Nothing to do with the ratio, but I'll see your t-squares and raise you programming with punch cards. (I graduated 2 years before you did.) And after a catastrophic battery failure during a test, I always took my father's old slide rule with me as back-up and good luck charm.
You are, by the way, the first person I've read in a long time, both under the age of 55 and who is not a journalist, to use the word "coed." There's something bizarrely '50s-ish about the word...as if female college students were something of a novelty (admittedly, the whole point of the post is that at engineering schools, they are, to a degree).
d-x,
I missed punch cards by two years. I knew guys that remembered those days.
2fs,
As a noun "co-ed" is easily as dated as "stewardess" or "gal Friday". However, I see 'co-ed' used as an adjective everywhere. I've been predicting co-ed bathrooms for decades.
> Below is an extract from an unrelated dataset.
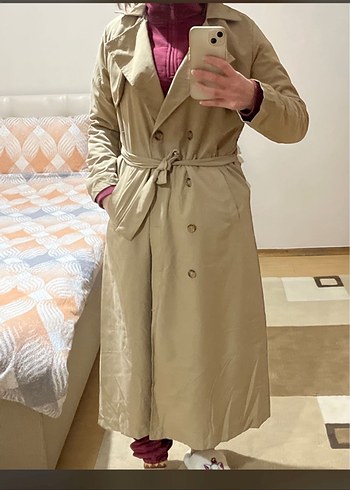 Bej Kuşaklı Uzun Kadın Trençkot - Görsel 4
There are now co-ed bathroom but are called unisex. You can find prime examples in rundown gas stations/convience stores.
Yeh, the ratio thing worked out much better for me at Adelphi University, which despite going coed in the 1940s, was still largely thought of as a women's school. We had a roughly 6:1 female-male ration going on there.
I'm sure this all has nothing to do with why I'm going to Notre Dame this year.